WHAT TO DO: The required output is the lines from the one with "Edition для PS5" through the end of the data, repeated verbatim, with no pictures included.

(Pictures with short captions)
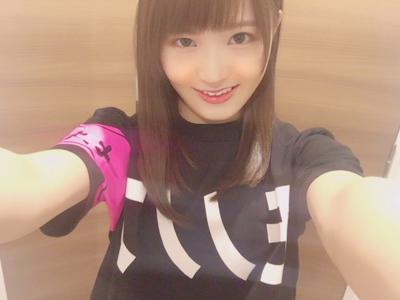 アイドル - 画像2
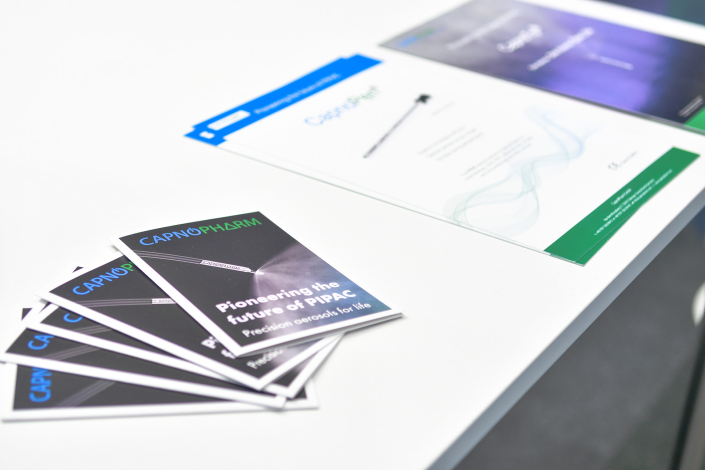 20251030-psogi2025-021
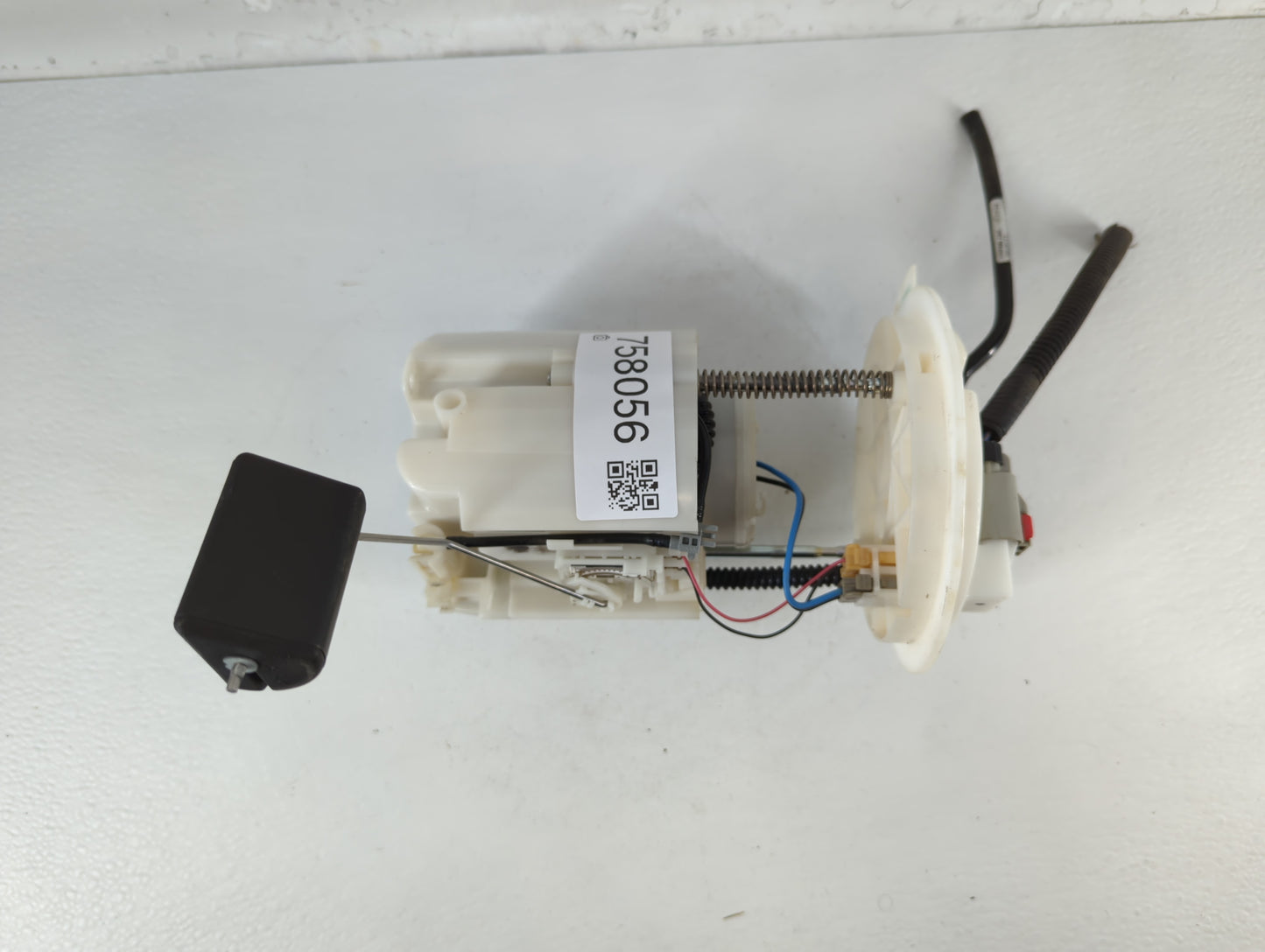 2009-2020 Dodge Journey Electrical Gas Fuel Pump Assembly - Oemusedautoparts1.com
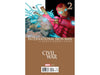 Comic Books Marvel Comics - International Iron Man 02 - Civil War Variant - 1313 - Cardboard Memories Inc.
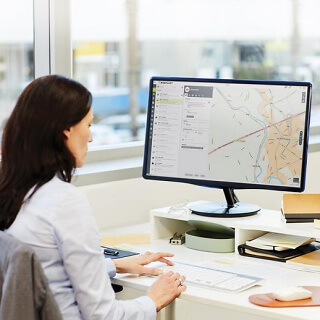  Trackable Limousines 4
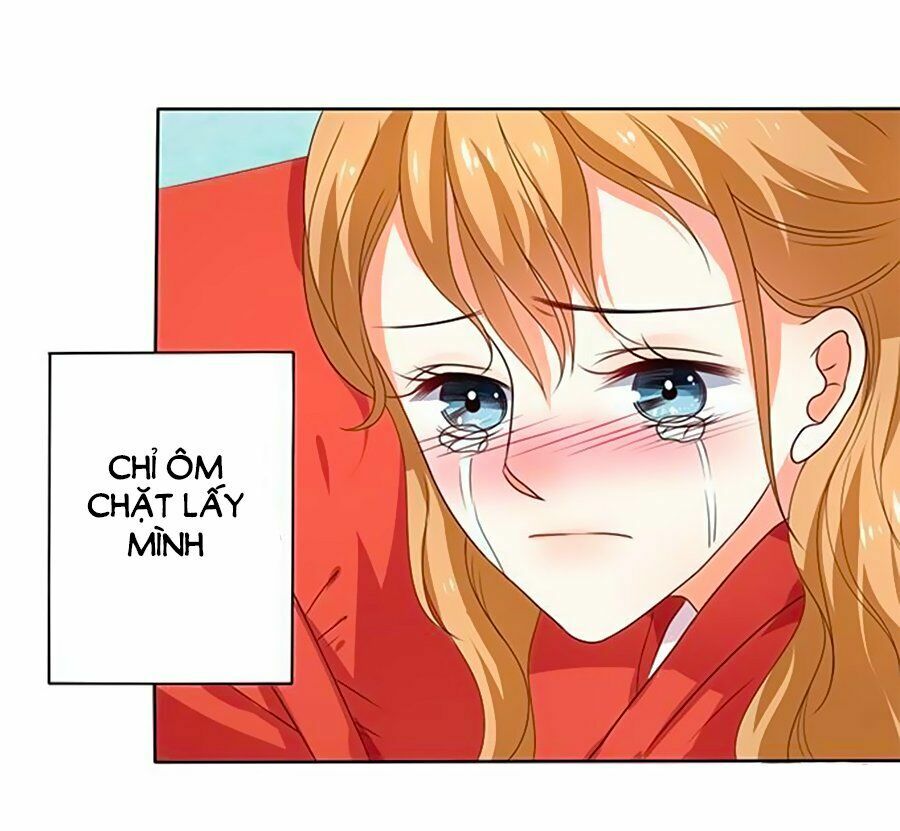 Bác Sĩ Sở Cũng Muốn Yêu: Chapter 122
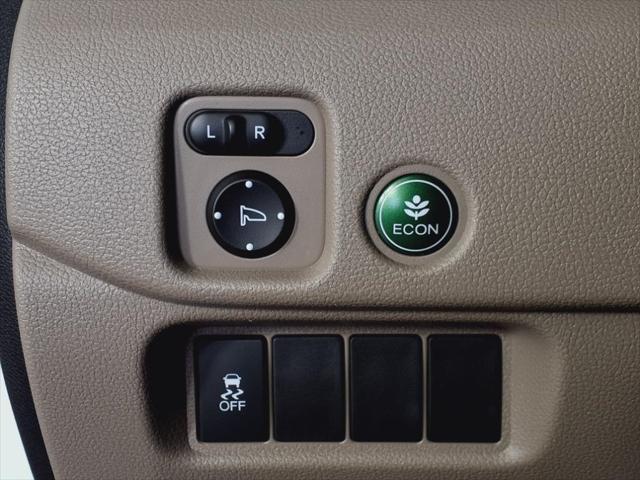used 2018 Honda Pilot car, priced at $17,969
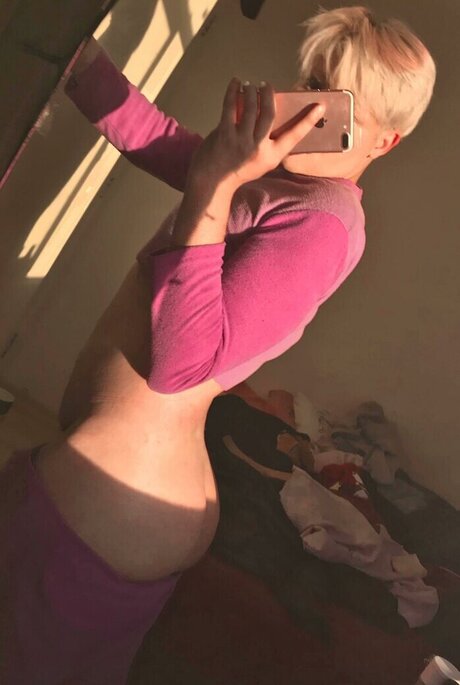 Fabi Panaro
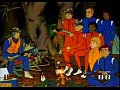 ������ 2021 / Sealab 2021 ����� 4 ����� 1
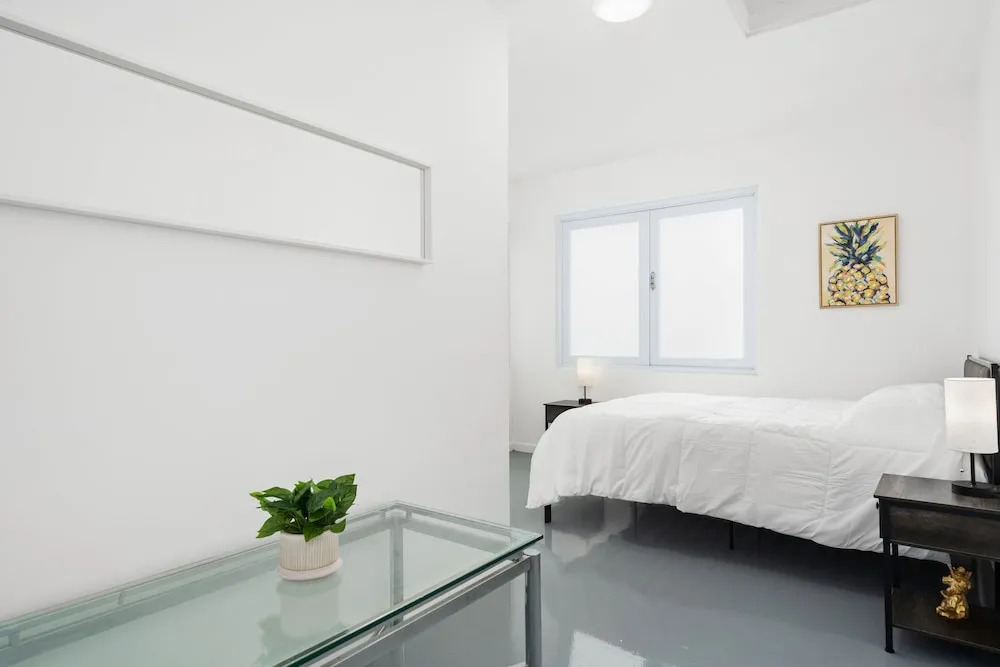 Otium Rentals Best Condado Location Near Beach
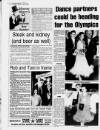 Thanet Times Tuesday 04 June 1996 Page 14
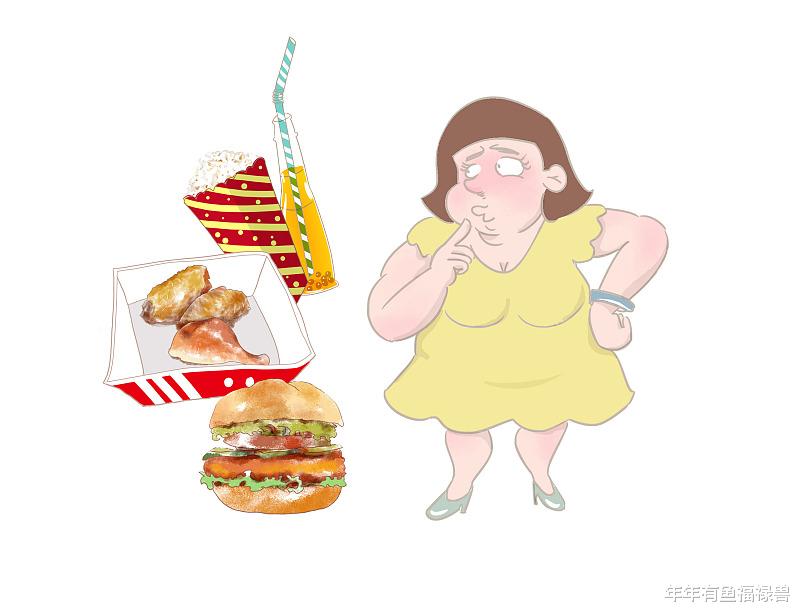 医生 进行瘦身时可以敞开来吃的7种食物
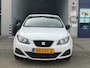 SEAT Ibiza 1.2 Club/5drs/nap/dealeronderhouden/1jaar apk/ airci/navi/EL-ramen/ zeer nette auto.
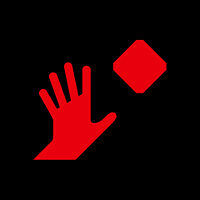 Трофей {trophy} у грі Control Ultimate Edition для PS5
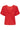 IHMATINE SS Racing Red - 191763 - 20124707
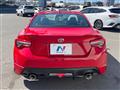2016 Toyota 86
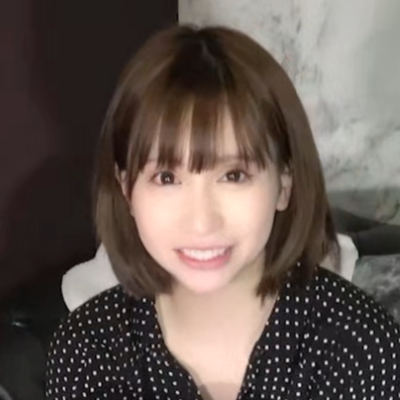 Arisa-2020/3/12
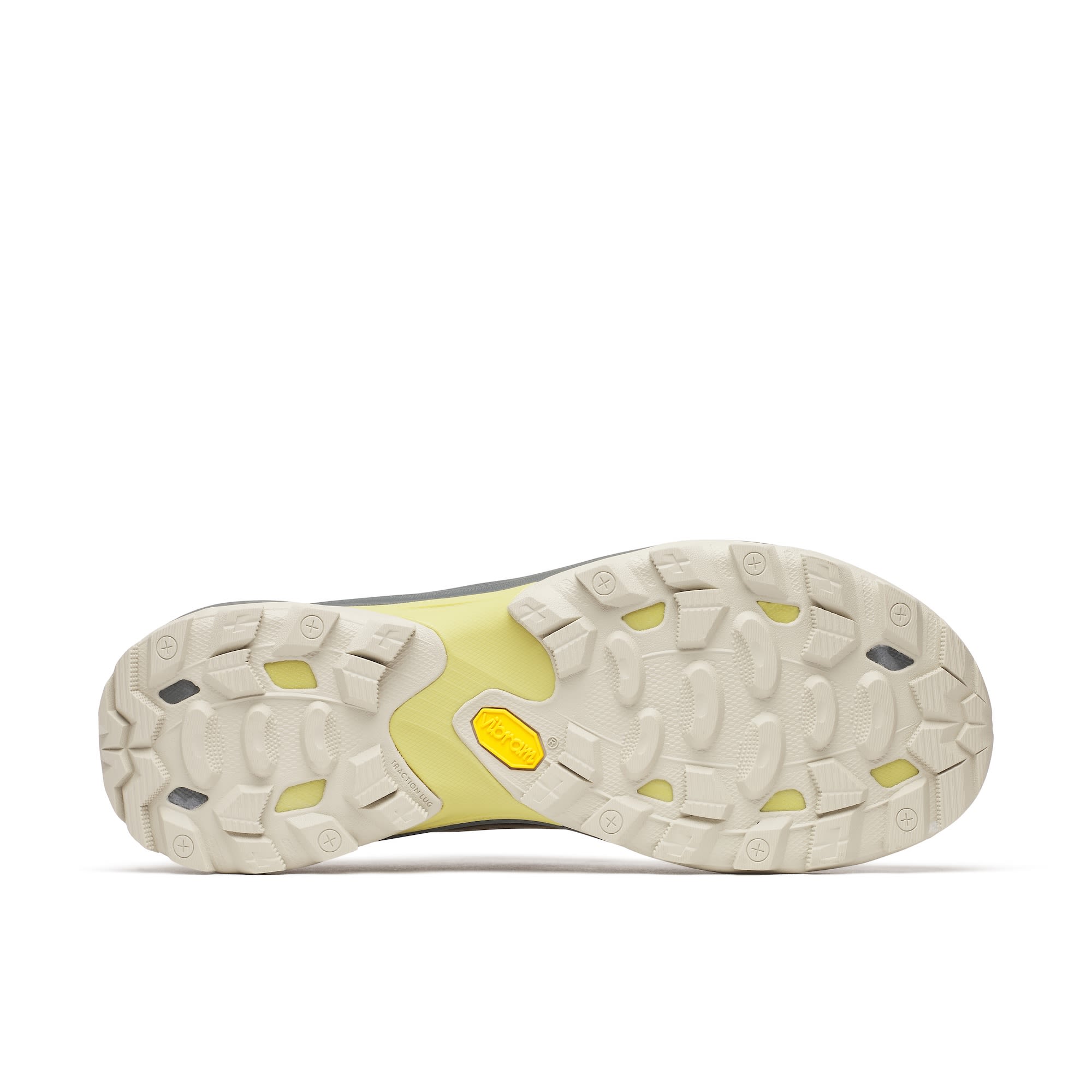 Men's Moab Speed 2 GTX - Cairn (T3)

ANSWER TO THE EXERCISE:
 Трофей {trophy} у грі Control Ultimate Edition для PS5
 IHMATINE SS Racing Red - 191763 - 20124707
2016 Toyota 86
 Arisa-2020/3/12
 Men's Moab Speed 2 GTX - Cairn (T3)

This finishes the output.